▸ Exercise data
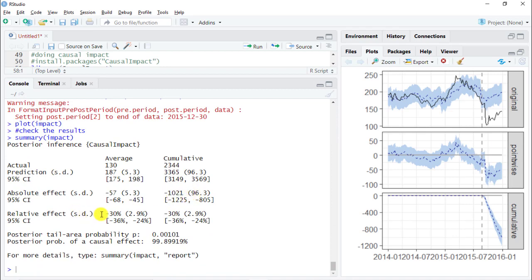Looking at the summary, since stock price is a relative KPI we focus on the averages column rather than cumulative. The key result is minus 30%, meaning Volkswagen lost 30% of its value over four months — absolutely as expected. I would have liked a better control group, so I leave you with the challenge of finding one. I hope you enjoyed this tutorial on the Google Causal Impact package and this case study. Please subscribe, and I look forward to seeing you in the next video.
...
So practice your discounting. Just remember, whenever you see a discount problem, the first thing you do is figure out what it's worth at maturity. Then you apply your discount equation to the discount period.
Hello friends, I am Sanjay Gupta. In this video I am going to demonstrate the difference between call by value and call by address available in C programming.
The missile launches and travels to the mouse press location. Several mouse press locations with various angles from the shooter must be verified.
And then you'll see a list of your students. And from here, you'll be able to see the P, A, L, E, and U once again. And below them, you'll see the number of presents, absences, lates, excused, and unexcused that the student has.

▸ What is expected
Once you have read through the entries, say how many of their lines include the string "your" and give nothing but that number.

▸ Finished task
2